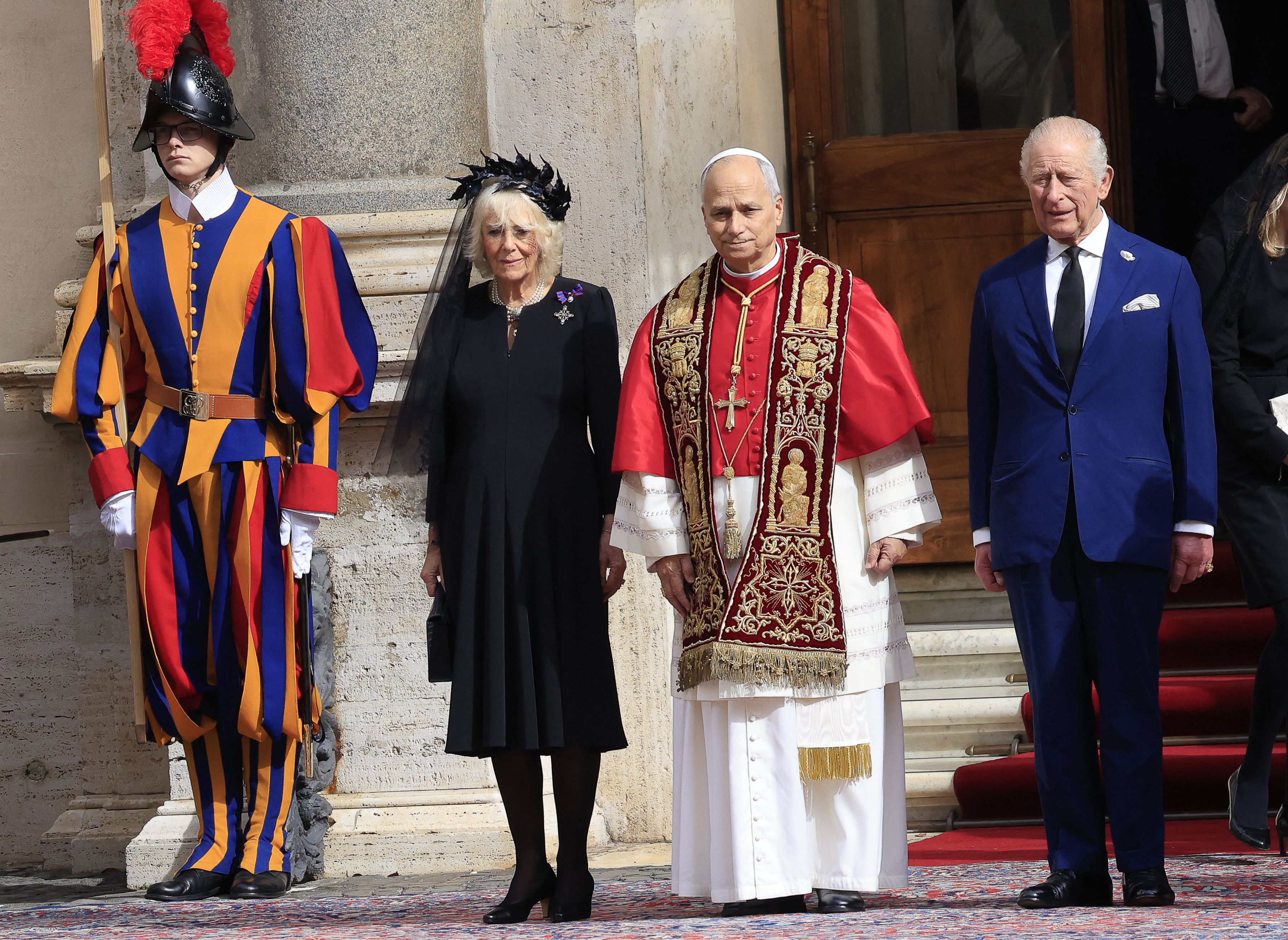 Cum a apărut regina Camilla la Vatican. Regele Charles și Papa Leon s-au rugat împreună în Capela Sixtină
====================
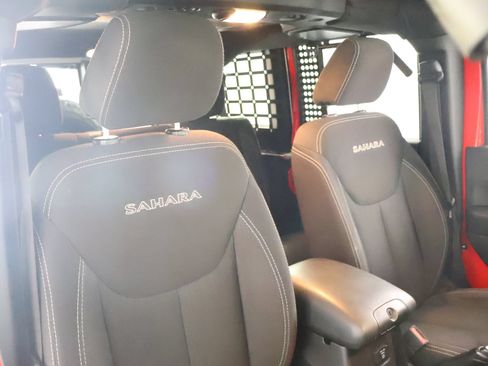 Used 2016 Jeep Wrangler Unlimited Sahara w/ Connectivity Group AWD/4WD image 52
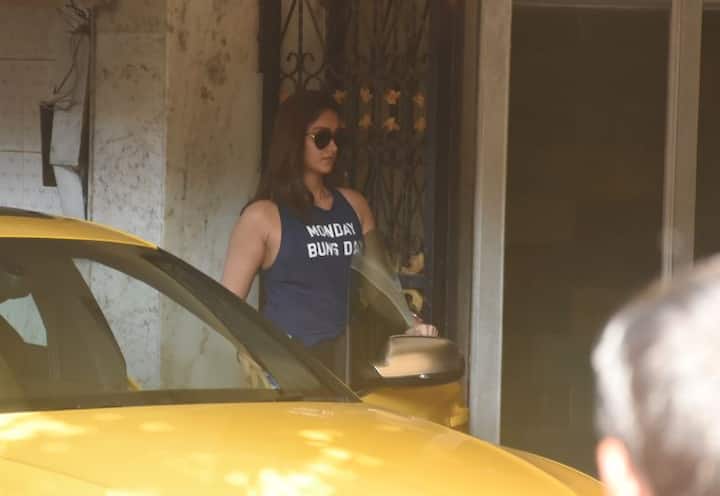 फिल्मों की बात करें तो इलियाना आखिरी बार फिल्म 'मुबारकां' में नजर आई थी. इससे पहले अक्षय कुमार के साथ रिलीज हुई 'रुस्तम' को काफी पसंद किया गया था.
====================
▶ **WHAT YOU ARE ASKED TO DO**
In the entries above, find the line that contains "Used 2016 Jeep" and the line that contains "फिल्मों की बात". Reproduce exactly those two lines and every line between them, but not the pictures.

▶ **ANSWER BELOW**
 Used 2016 Jeep Wrangler Unlimited Sahara w/ Connectivity Group AWD/4WD image 52
 फिल्मों की बात करें तो इलियाना आखिरी बार फिल्म 'मुबारकां' में नजर आई थी. इससे पहले अक्षय कुमार के साथ रिलीज हुई 'रुस्तम' को काफी पसंद किया गया था.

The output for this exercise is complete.